Wiley’s Storyville set marked a resurgence for the singer. Now nearly 50 years old, Wiley recorded several studio albums with the help of George Wein, including West Of The Moon and Night In Manhattan. These albums would prove to be the finest of her career.
Teddi King, the Boston Star
Wiley’s stint in Storyville had another impact as well. Her presence as a seasoned jazz star in Boston had an impact on the next generation of singers to come out of New England, namely Teddi King and Barbara Lea. Teddi King turned 21 the day before Wiley’s opening night at Storyville, although her career was already off to a good start. The Boston native had already recorded with bandleader Nat Pierce, a fellow New Englander, and she was beginning to appear on the radar of George Wein, who would end up guiding her career for much of the 1950s.
By 1951, Teddi King was becoming more well-known around the Boston area, making regular appearances at George Wein’s nightclub Storyville.

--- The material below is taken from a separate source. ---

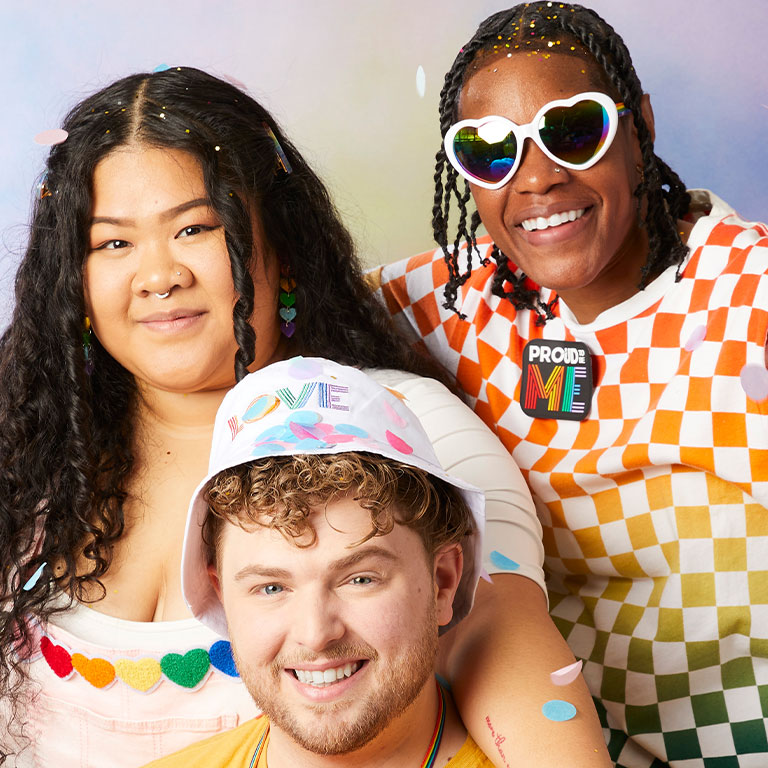 Three people wearing rainbow pride clothing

It was at Storyville that King was introduced to pianist and bandleader George Shearing, after opening for the band in the early 1950s. Shearing invited the 22-year old singer to tour with the band in the summer of 1952. Shearing worked with many famous vocalists throughout the years, including Nat King Cole, Nancy Wilson, and Peggy Lee—but only one singer toured with Shearing, and that was Teddi King.
King’s career flourished in the 1950s, mostly thanks to the support of George Wein. After opening the club, one of the first things Wein did to expand his Storyville empire in Boston was to try his hand at a record label.
The Storyville label was short-lived, but it did feature a few big names, including Lee Wiley, trombonist Bob Brookmeyer and trumpeter Ruby Braff. Teddi King’s very first sessions as a solo artist were for this Storyville label, and included albums like Miss Teddi King and Now In Vogue. King would move to RCA Records in the late 1950s, but like Wiley, her career faded after 1960. Teddi King passed away from lupus far too young in 1977.
Barbara Lea, the Jazz Professor
Barbara Lea was nowhere near as well known as the other two singers, Lee Wiley and Teddi King, but she had an excellent voice for jazz—it’s only a shame that she came of age at a time when jazz singers were beginning to decline in popularity.
Barbara Lea, born in Detroit, moved to Boston around the year 1950 for same reason that many 18-year-olds move to Boston: to go to college. She studied music theory at Wellesley College, and began to get more and more involved in the jazz scene there, frequenting George Wein’s Storyville nightclub. In fact, during Lee Wiley’s famous stint had headlining Storyville in 1951, Barbara Lea was there, as the young girl at the front door charging admission. No doubt that she learned something from the elder Wiley on those dates, because they are remarkably similar in their tone.
Barbara Lea’s finest recordings come from the mid 1950s, a series of a records she made with trumpeter Johnny Windhurst and his quintet. By the end of the 1950s, Barbara Lea, as well as Teddi King and Lee Wiley, had all faded out of the spotlight almost completely. In the 1970s, both Wiley and King passed away—King, far too soon—but Barbara Lea continued her career until 2011, taking on the role of an intellectual jazz professor of sorts, and the keeper of a torch-singer style that was mostly forgotten.